これは、日本一安い、石臼挽き十割蕎麦であろう。
だがどこから見ても、どこにでもある町の蕎麦屋なのである。
その店頭に、「太打そば、石臼挽き十割蕎麦」とあり、産地までうたっている。
これは昼飯を食べたばかりだが、入ってみるしかない。
店内も、どこにでもある町の蕎麦屋である。
メニュー開けば、そばうどんだけでなく、茶そばやきしめんも用意されている。
カツ丼やカレー丼なども充実しており、かつては、牛丼やうな重もあった痕跡がある(消されていた〉。
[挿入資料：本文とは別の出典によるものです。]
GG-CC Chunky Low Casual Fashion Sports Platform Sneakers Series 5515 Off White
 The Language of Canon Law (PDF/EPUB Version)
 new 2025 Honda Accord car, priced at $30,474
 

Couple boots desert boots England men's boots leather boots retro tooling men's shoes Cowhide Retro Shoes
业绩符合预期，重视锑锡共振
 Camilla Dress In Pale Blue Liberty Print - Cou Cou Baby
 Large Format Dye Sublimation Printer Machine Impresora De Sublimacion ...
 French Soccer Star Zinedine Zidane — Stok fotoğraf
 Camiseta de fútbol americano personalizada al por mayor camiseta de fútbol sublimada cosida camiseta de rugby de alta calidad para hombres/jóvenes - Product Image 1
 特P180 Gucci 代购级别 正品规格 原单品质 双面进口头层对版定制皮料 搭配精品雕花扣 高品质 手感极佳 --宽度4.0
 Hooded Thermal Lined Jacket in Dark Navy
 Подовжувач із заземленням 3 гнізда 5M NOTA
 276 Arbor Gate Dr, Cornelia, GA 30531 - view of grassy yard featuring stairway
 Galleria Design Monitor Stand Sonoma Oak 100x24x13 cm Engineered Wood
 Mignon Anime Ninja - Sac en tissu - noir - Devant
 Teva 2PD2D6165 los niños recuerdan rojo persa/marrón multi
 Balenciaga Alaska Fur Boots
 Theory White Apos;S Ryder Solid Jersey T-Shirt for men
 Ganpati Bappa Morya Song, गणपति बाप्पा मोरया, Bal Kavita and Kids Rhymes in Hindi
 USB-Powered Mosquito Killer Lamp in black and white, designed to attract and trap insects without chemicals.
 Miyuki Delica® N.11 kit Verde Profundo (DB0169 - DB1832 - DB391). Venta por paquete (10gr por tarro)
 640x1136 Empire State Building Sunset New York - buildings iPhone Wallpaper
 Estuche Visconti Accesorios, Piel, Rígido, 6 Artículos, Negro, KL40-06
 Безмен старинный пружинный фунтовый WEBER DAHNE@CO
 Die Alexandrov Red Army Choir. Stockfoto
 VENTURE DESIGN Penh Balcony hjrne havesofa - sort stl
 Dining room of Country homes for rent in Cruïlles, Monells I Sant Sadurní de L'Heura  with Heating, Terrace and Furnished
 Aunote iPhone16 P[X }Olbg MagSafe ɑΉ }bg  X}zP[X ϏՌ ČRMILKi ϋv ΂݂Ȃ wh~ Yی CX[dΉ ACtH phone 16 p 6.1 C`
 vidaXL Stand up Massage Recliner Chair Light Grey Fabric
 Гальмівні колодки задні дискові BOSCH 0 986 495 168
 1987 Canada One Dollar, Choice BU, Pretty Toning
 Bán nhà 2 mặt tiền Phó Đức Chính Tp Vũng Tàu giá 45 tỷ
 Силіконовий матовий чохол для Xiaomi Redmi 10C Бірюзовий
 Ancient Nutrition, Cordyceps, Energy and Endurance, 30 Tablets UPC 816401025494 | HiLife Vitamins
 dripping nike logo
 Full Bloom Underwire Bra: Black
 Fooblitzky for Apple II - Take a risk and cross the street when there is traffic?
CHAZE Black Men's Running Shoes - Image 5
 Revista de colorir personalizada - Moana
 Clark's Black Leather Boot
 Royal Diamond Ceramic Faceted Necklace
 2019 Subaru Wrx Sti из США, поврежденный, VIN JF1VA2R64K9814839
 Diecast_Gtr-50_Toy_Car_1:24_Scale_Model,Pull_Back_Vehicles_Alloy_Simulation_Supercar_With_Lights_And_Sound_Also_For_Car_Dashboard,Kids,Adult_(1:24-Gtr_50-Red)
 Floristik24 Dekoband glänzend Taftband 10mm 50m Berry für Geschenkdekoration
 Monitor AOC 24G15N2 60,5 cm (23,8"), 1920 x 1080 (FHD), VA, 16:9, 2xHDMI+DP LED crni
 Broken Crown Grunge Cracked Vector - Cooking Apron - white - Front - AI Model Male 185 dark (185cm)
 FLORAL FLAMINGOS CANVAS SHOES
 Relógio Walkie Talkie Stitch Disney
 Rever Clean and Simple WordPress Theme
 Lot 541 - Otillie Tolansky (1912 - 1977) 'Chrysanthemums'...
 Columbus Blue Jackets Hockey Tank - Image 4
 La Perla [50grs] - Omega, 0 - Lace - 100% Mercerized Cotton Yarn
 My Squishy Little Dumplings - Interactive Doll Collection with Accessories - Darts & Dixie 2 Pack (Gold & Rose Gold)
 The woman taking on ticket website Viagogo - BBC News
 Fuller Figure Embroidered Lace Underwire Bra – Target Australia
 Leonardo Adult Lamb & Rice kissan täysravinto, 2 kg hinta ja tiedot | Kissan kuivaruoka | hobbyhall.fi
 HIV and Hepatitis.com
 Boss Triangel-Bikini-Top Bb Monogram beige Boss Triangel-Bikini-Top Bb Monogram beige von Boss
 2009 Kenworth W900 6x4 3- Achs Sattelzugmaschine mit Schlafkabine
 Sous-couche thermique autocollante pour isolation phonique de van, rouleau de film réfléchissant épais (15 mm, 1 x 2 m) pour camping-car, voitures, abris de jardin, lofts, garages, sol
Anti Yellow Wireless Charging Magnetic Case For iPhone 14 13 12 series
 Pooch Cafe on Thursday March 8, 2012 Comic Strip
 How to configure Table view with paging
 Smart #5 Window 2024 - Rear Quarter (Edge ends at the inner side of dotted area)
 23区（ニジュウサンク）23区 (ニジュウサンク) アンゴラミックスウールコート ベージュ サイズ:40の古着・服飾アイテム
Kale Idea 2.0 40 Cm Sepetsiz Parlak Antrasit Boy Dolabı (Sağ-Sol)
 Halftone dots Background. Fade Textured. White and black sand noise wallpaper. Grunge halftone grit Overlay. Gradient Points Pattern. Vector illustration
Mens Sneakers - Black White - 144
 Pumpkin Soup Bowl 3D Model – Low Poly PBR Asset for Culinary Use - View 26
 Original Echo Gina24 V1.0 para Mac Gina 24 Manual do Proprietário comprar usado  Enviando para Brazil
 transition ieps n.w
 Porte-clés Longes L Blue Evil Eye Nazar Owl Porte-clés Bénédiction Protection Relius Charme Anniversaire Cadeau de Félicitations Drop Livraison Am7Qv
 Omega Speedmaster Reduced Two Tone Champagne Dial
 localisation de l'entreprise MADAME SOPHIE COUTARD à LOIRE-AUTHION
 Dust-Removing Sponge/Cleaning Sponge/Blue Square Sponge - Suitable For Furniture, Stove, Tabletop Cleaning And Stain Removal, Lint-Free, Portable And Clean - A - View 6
つまみは、板わさや玉子焼きといった蕎麦屋の定番に加えて、アジの開きやもつ煮込み、うなぎ蒲焼まである(ならばなぜ鰻重をやらない?)。
さて十割そばを頼もう。
「すいません」と声をかけると、奥の座敷で菓子を食べていたおばさんが立ち上がり、やってきた。
「いらっしゃませ」。
「太打ちそば。もりそばでください」。
「もりでいいの? 鴨南蛮そばや、カレーそばも、太打ちでできるよ」。
一瞬、人生初の太打ち十割石臼挽きそばでのカレーそばに惹かれたが、やはりここは正当なもりそばにしよう。
今日の太打ちは、「常陸秋そば茨城県境町産」とある。
横を見れば、入り口脇には石臼があり、蕎麦の実も置かれているではないか。
冗談ではなかった。
やがて太打ちは、やってきた。
だがせいろに盛られた蕎麦だけが来た。
つゆをつけずに食べろという、原理主義者か?
それとも650円だから、つゆと薬味は別売りなのか?
一瞬固まった気配に気づき、「あっ、つゆすぐ持ってきます」。
よかった。
まずは、蕎麦つゆにつけずそのまま手繰る。
ほのかに甘く、ねちっと歯を押し返すコシもいい。
香りは乏しいが、650円だもの、よしとしよう。
つゆは甘く、薬味のネギは切れておらずに、仲良く繋がって、わさびも市販の練りわさびだが、650円だもの、よしとしよう。
気取った蕎麦屋とは違い、量もある。
途中でそば湯が運ばれた。
入れ物に風情のふの字もないが、650円だものよしとしよう,
蕎麦湯は、蕎麦湯用には作ってないのだろう。
薄く、小麦の風味が遠くにいる。
やはりここで頼むは、もりではなかつた。
カレー太打ち石臼挽き十割蕎麦を、次は頼もう。